Another solution involves improved disclosures of the real underlying economics, leading to more complete and precise measures of the effects of issuing COCOs — and regular convertibles, for that matter. The added precision will help experts usefully discount the issuer’s stock value to reflect the shift of wealth from shareholders to the bond holders.
As we see it, managers who pursue Quality Financial Reporting will not wait for FASB, but will voluntarily disclose the deals’ underlying economics, not just when they happen, but as long as the bonds and options are outstanding.
Then again, the best practice would be to simply say, “No,” when investment bankers throw out the bait of cheap or free money. Even the simplest among us knows that there is no such thing. Those who fall for this temptation are basically declaring that they think the capital markets are composed of fools. Of course, their actions really proclaim to the world that they themselves are, at best, foolish — or, at worst, deliberately deceitful. In either case, the consequence must be a discounted stock price, not a higher one.

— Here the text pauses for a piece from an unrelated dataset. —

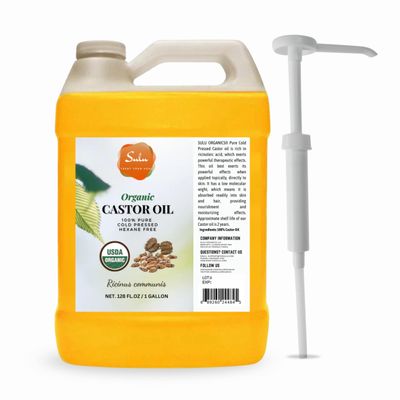 1 Gallon/128 fl.oz Organic Hexane Free Cold Pressed Castor Oil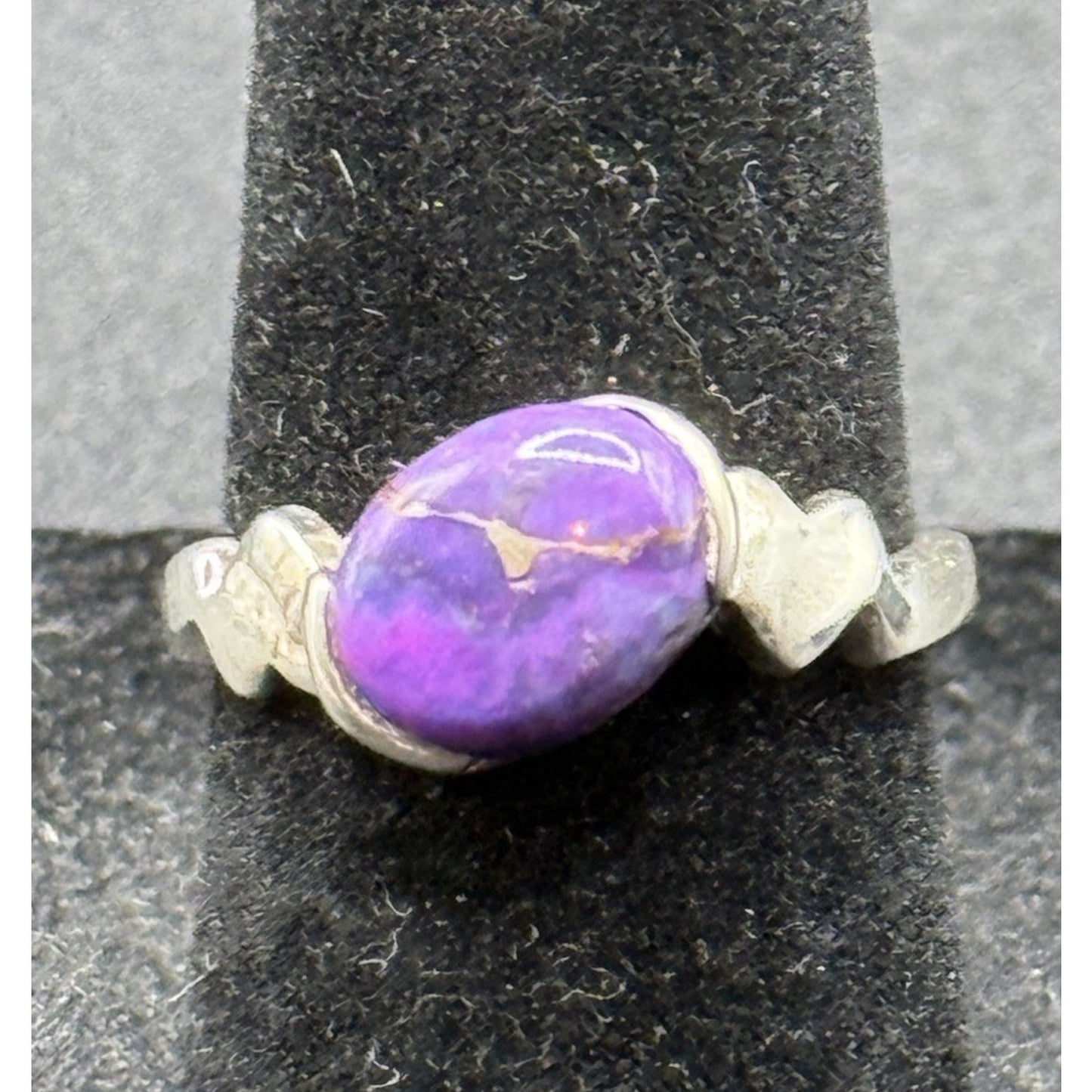 New Condition Sterling Silver Copper Purple Turquoise Ring Size 5.00 P19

So, there we have it again — an argument in favor of telling the truth that relies on economic reasoning, not ethics. We continue to wonder how long it’s going to take for this idea to catch on. The delay can’t be blamed on us. It rests squarely on accountants, standard-setters and investment bankers who feed heaping bowls of COCO-Puff accounting to the capital markets as though they consist of only gullible investors who gobble down every artificially sweetened financial statement, blissfully ignorant of the empty calories, slavishly believing that everything is fine as long as management complies with the minutiae contained within GAAP.
Frankly, we’ve grown quite tired of that kind of arrogant behavior. The passivity of auditors, standard-setters and regulators is equally aggravating. We hope that you can see the need for a revolution as clearly as we do. It’s long past time for financial reports to be healthy and nutritious, instead of junk food.